I have been using a mini flesher for quite some time now. It works very well thinning the faces down but am thinking of selling it. I have now got a fleshing wheel the van ***** dakota 4 detail flesher and it works well. You need to thin the hide til it looks "blue" it is the color that you see when you shave all the white off a tint of blue will show. If you do not thin these areas down when the mount dries it will pull out and shrink big time.


----------



## scrapewatcher

can't beat a fletching wheel. once you use one you'll never do it any other way.


----------



## Deer Mount

Krotan produces a very nice tan, but it dries rock hard you need to rub in some of WASCO's soft tan I've used this combination on several deer hides with excelent results. However you do need to shave the hide and the easiest way to do so is with a commercai fleshing machine. You might be able to pay a local taxidermist to flesh and shave for you while you do the tanning yourself.


----------



## myarrow

*shaving skins*

been a pro. taxidermist over 30 years Did both world record bow kills, hole in horn buck, and many other world class deer for Dick Idol. I learned how to shave skins with a currier's knife. Can be ordered from Jonas Bros supply. takes alot of pratice both in shaving and sharpening, but it works fine. Cost? Less than a $100.00. Just got new blades in the other day. They where sharpened and turned but I I know I can do a better job then they did. Takes alot of practice!! I know I can match anyone on a fleshing machine. Good luck! Bob


----------



## Pizonarcher

*old school*



myarrow said:


> been a pro. taxidermist over 30 years Did both world record bow kills, hole in horn buck, and many other world class deer for Dick Idol. I learned how to shave skins with a currier's knife. Can be ordered from Jonas Bros supply. takes alot of pratice both in shaving and sharpening, but it works fine. Cost? Less than a $100.00. Just got new blades in the other day. They where sharpened and turned but I I know I can do a better job then they did. Takes alot of practice!! I know I can match anyone on a fleshing machine. Good luck! Bob


Yes that currier's knife will do it for some one that has plenty of experience :thumbs_up. Got to have that touch.

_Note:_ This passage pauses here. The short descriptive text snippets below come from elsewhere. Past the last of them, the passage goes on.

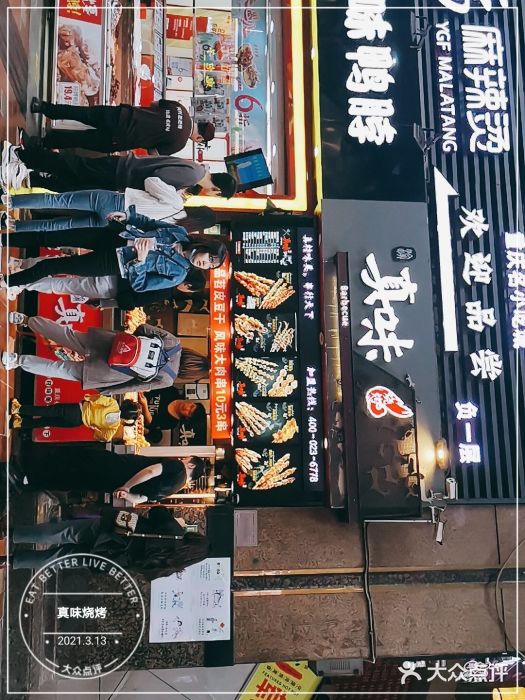真味烧烤(解放碑店)门面图片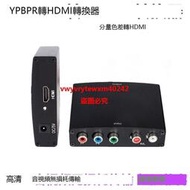 雲尚優品 PS2 XBOX WII色差線 YPBPR色差轉HDMI轉換器 色差分量線轉高清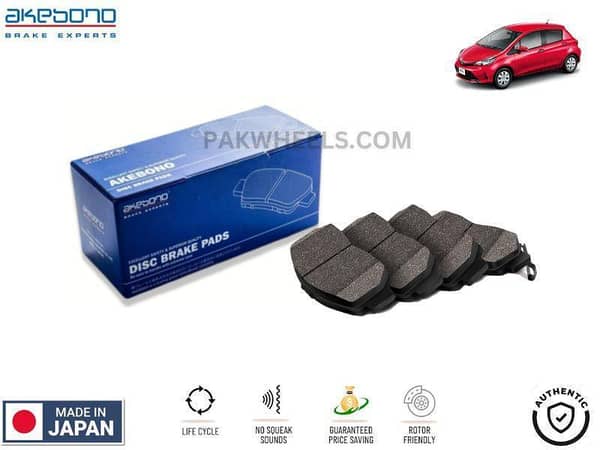 Toyota Vitz 2014-2017 Front Brake Pads Akebono - Made in Japan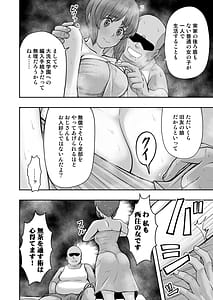 Page 7: 006.jpg | ダメなのにおじさんのベロチューに屈してすべて許しちゃうみほのはなし | View Page!
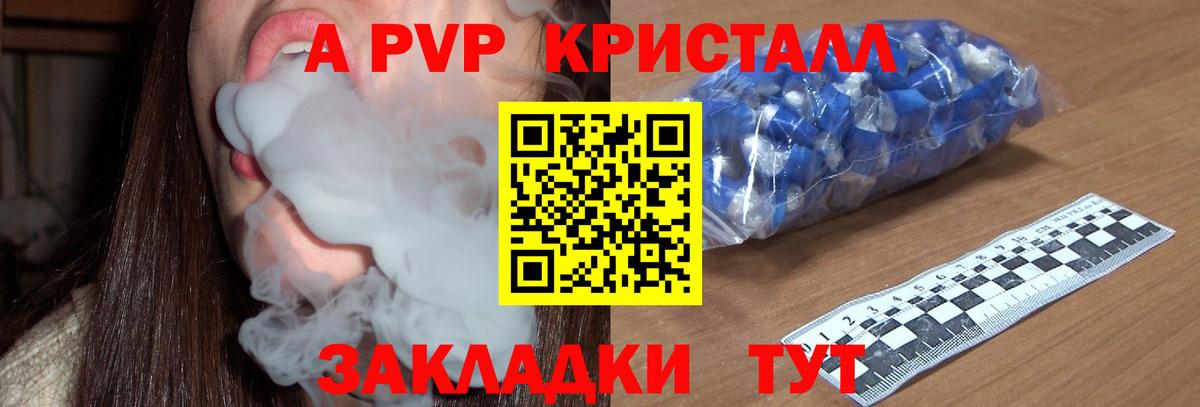 A PVP мука Ессентуки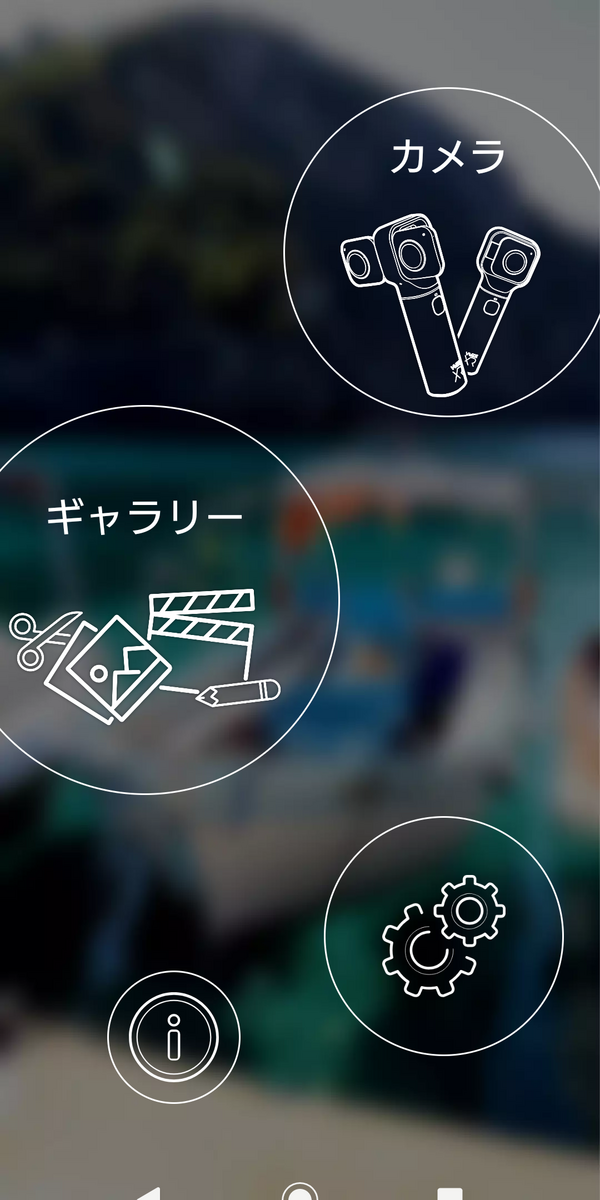 ｖｒカメラ Vuze Xrの使用方法 基礎編２ インストール 初期設定 Tumugi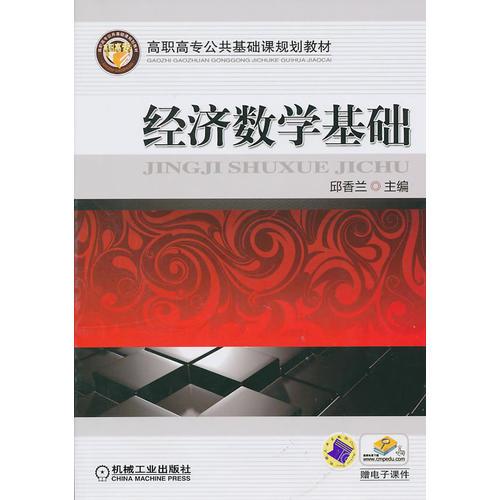 經(jīng)濟數(shù)學基礎(chǔ)（贈電子課件）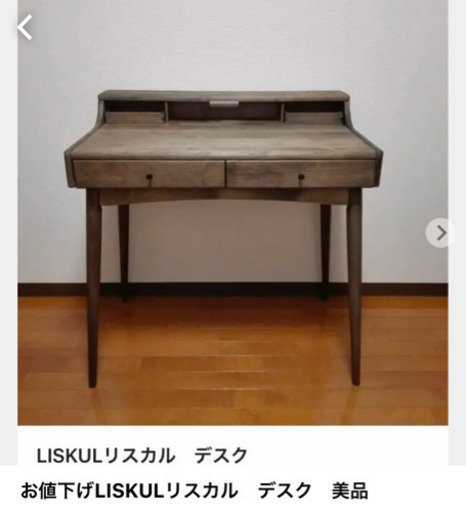 予約済　値下げＬISCULデスク　美品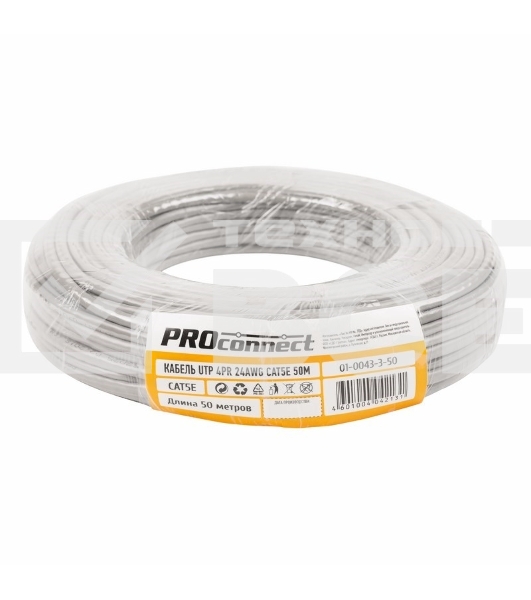 Кабель UTP PROconnect 4PR 24AWG, CCA, CAT5e, PVC, серый, бухта 50 м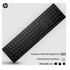 HP Tastiera wireless programmabile 450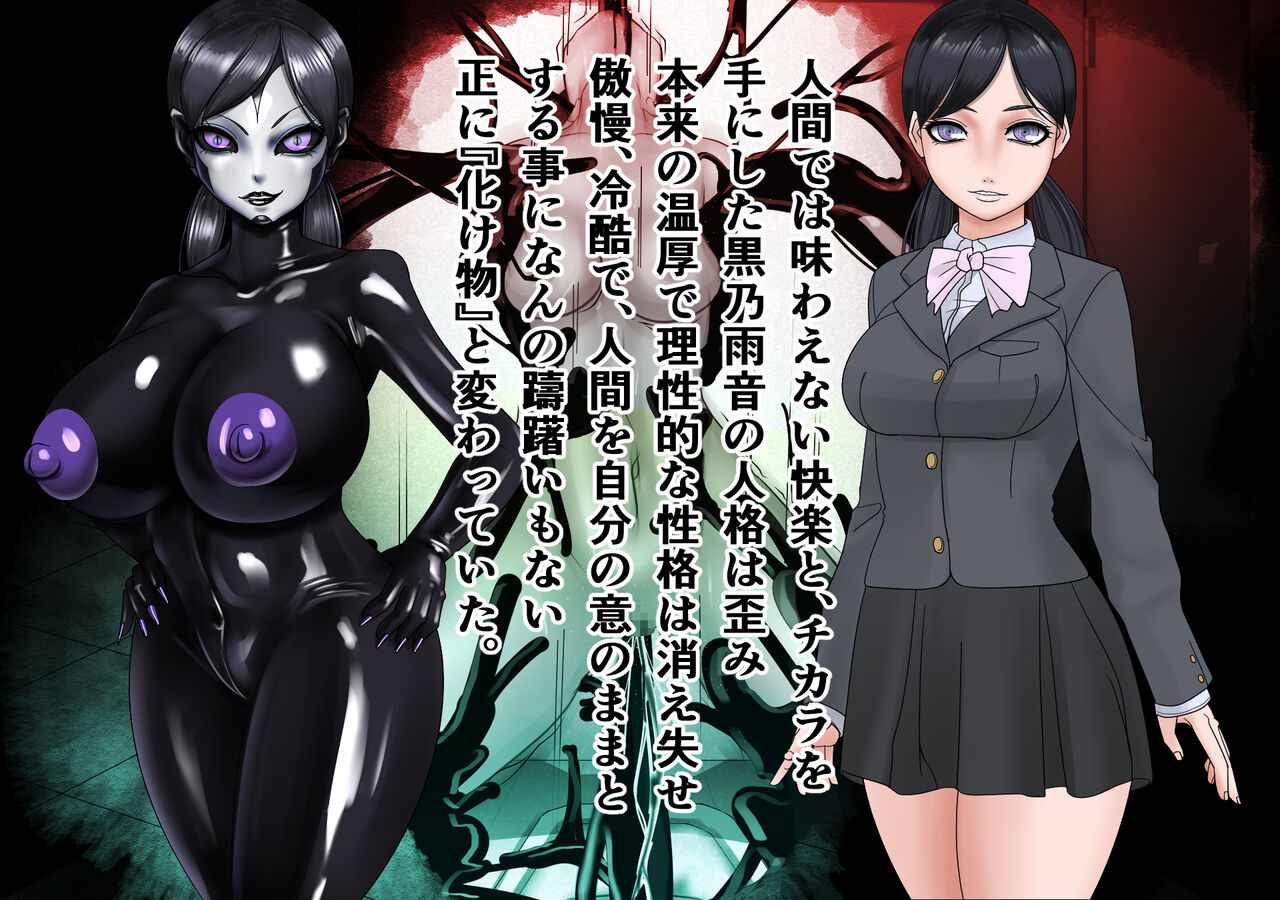 怪人黒ラバー女 2夜目 page 2 full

For the beginner I say skip that part if you are just tanning a hide. Then when you start breaking the hide, when kind of damp yet,(not wet) use a electric drill with one of those rubber wheels that you put a sanding disk on & sand & thin it down, just not so thin to get holes. An auto body DA sander also works good. You don't have to sand it down like paper thin, just more or less smooth to touch. I have done many hides & they come out real soft when sanding & breaking. You can keep sanding when dry but makes a mess, do it out side. Remember to oil & work the hide when it is just about to dry, thats when it brakes the fibers the best.
Good luck.


----------